Figure 6 supports these expectations. In the figure, we take the considered real networks, and add to them certain numbers of links that are present in the NNG equilibria of the real networks, but not present in the networks themselves. About 1–2% of added edges, compared with the original numbers of edges in the networks, increase network navigability significantly, while the addition of 2–5% of edges makes all the networks 100% navigable. Similarly, the targeted removal of a small portion (1–5%) of edges belonging both to the NNG equilibria of the networks, and to the network themselves, degrades network navigability by 10–30%.

Figure 6: NNG equilibria of real networks helps to improve or degrade their navigability.
figure 6

The edges from the NNG equilibria of the considered real networks are first sorted in the decreasing order of betweenness centrality, and then either added to the real network if not already there (panel (a)), or removed from the network if present (panel (b)). The x-axis shows the percentage of added or removed edges compared with the number of edges in the original real network. Navigation success ratio is computed as the number of node pairs between which geometric routing is successful divided by the number of all node pairs.


We emphasize that the considered Nash equilibrium networks are minimalistic idealizations, concerned only with maximizing the efficiency of the navigation function at minimal cost (number of links). Reality differs from this ideal in many ways. First, real networks must be robust with respect to noise and random failures. This robustness requirement explains why the considered real networks have strictly more links than their Nash equilibria. Maximum navigability can obviously be achieved not only at the minimal cost, but also at a higher cost. Second, transport processes in real networks are also noisy, and can follow not only steepest descent path (greedy navigation), but also any downstream paths, still achieving 100% reachability. Yet the noisier the transport process, the less likely it stays to the shortest path, leading to higher stretch and longer travel times, thus degrading navigation efficiency in terms of these parameters. Third, navigability does not always have to be maximized as many specific networks perform many specific functions other than navigation. Our game-theoretic approach can be extended to accommodate some of these functions, such as error tolerance or policy compliance50, but not all possible functions of different real networks can be formalized within this game-theoretic framework. Some networks are centrally designed to optimize a particular function globally37. Game theory is not needed to formalize such global optimization strategies. It is more suited for self-organized networks, in which each node behaves selfishly according to its own incentive, independent of other nodes. In other words, Nash equilibrium networks are structural manifestations of local incentives of nodes for efficient transport or communication, in contrast with existing generative or optimization models of complex networks51,52. Finally, all real networks are dynamic and growing, while Nash equilibria correspond to static network configurations. However, it has been recently shown53 that in case of random geometric graphs—to which the considered Nash equilibrium networks effectively belong according to the results in Supplementary Note 12—one can map an equilibrium network model to an identical growing one.

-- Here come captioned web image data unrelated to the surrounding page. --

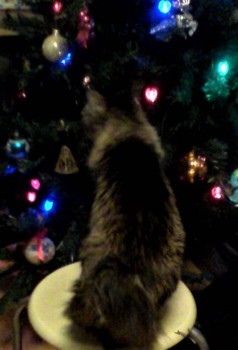 Любимая кошатинка  - IMG_20191231_210536.jpg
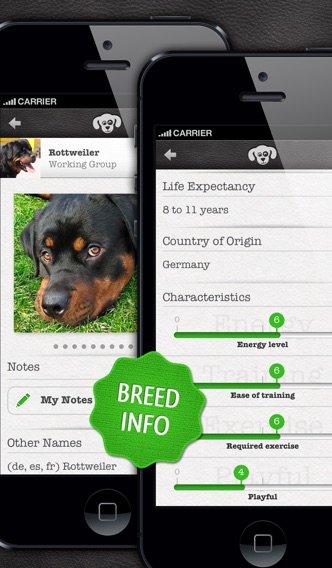 iPhone Screenshot 4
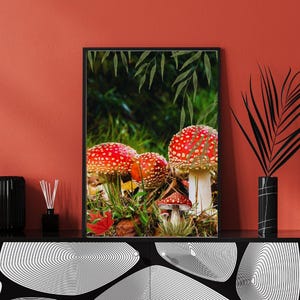 Mushrooms, Nature, Plants, Mushrooms, Digital Prints, Gift Poster, Wallboard, Paintings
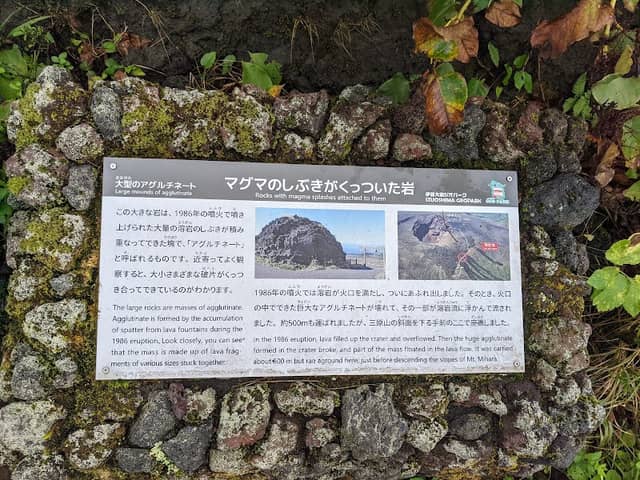 大型のアグルチネート - Image 2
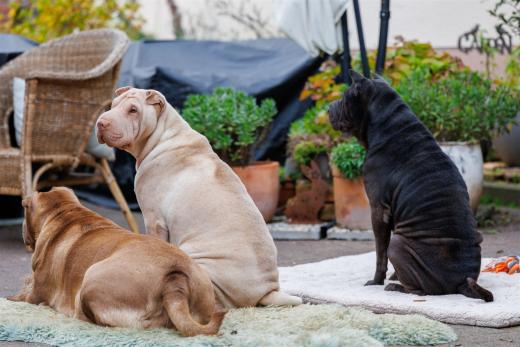 2024-10-06-16-32-18-EOS R6m2-1644_2048px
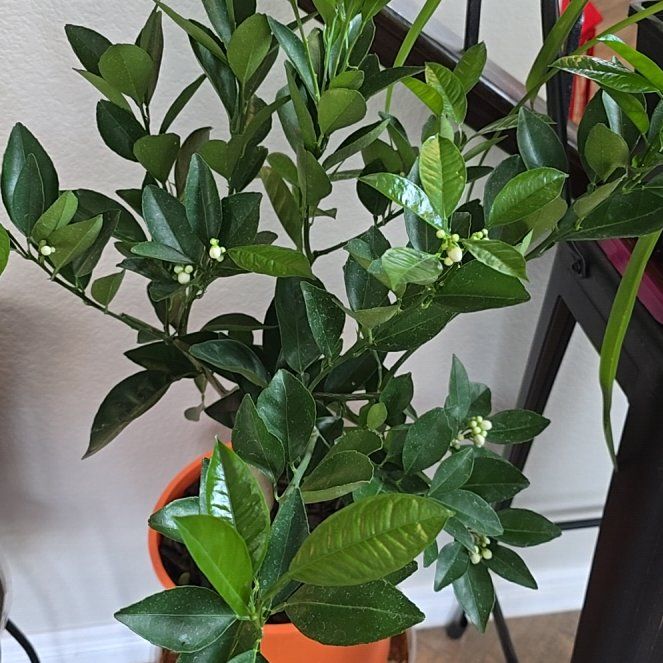 Photo of the plant species Moro Blood Orange by @LovelyBegonia91 named Tigress on Greg, the plant care app
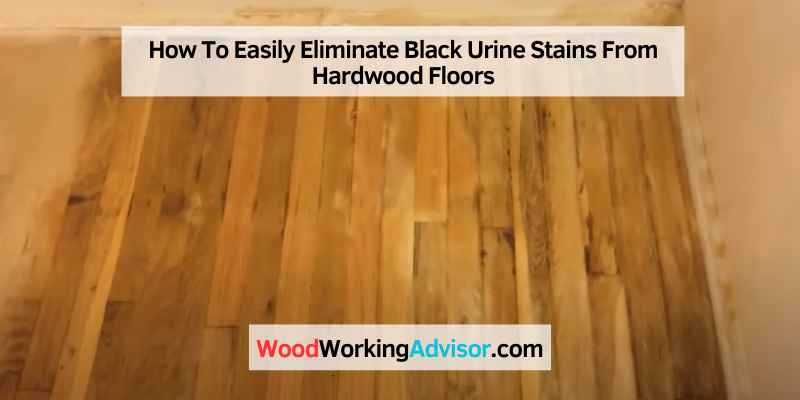 How To Easily Eliminate Black Urine Stains From Hardwood Floors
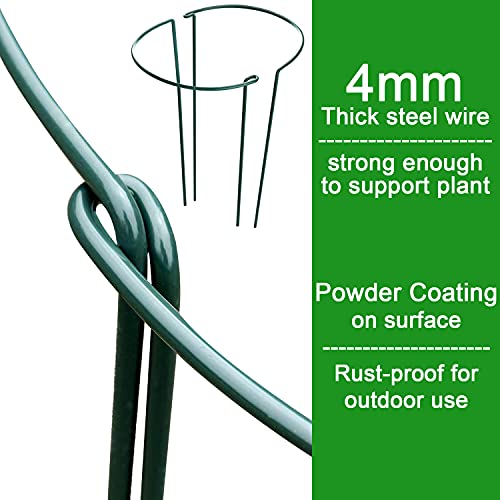 HiGift 8 Pack Plant Support Stakes, Half Round Metal Garden Plant Stake Indoor Peony Cages and Supports, Green Plant Support Ring Border for Tomato,Hydrangea,Flower Outdoor (10" Wide x 15.8" High) - Image 3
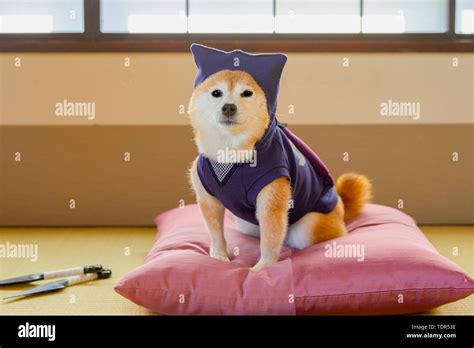 Japanese Shiba Inu dog Stock Photo - Alamy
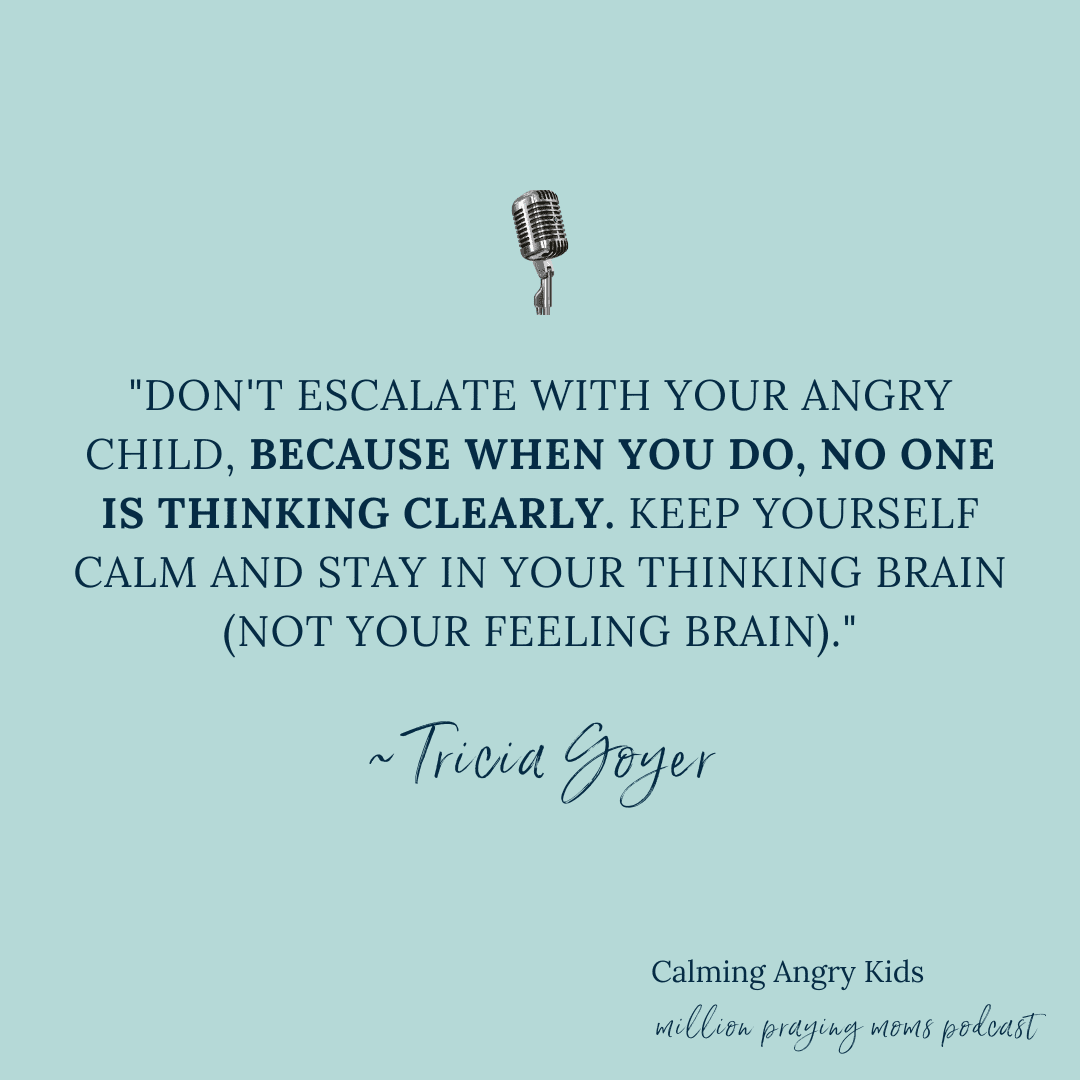 Calming Angry Kids, with Tricia Goyer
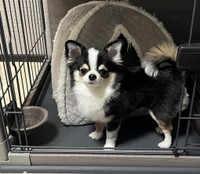 お迎えから1年。すくすく成長中のもちょちょちゃん（画像提供：もちょちょ愛してる。さん）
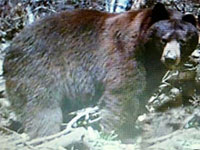 Utah black bear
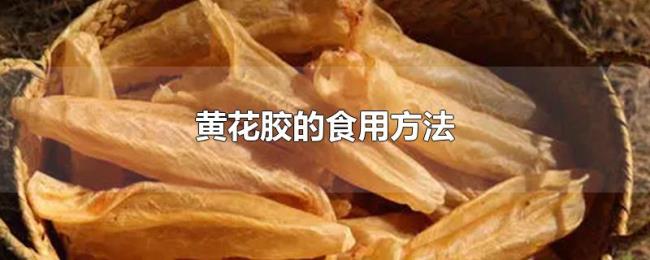 黄花胶的食用方法 黄花胶的食用方法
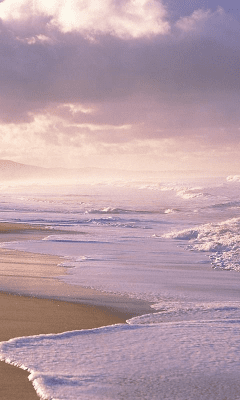 Capture d'écran de l'application Beautiful Nature Wallpapers #1 - #3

Notwithstanding these limitations we have shown that ideal networks designed to be maximally navigable at minimal cost share basic structural properties with real networks. Compared with existing works on navigation-optimal distributions of shortcut edges in Euclidean grids19,54,55,56, which do not yield realistic network topologies, this result is quite unexpected because there is absolutely nothing in the definition of these ideal networks that would enforce or even welcome a formation of any particular network structure. The networks are defined purely in terms of navigation optimality. The surprising finding that the structure of these ideal networks is similar to the structure of real networks should not be misinterpreted as if these idealizations are generative models for real navigable networks. Instead the former are skeletons or subgraphs of the latter. Since these skeletons consist of the minimum number edges required for 100% navigability, there is not even a parameter to control the most basic structural network property—the average degree, which is always controllable in generative models. On the contrary, as follows from Equation 5, the average degree in these skeletons is uncontrollable and lies between 1 and 4.

We find that, if network geometry is hyperbolic, then our navigation skeletons have power-law degree distributions and strong clustering. The values of power-law exponent γ close to 2, observed in many real networks57,58, appear as the best possible choice. In this case not only reachability is 100%, but also the network cost and stretch are minimized and navigability robustness is maximized, compared with other values of γ in Fig. 3.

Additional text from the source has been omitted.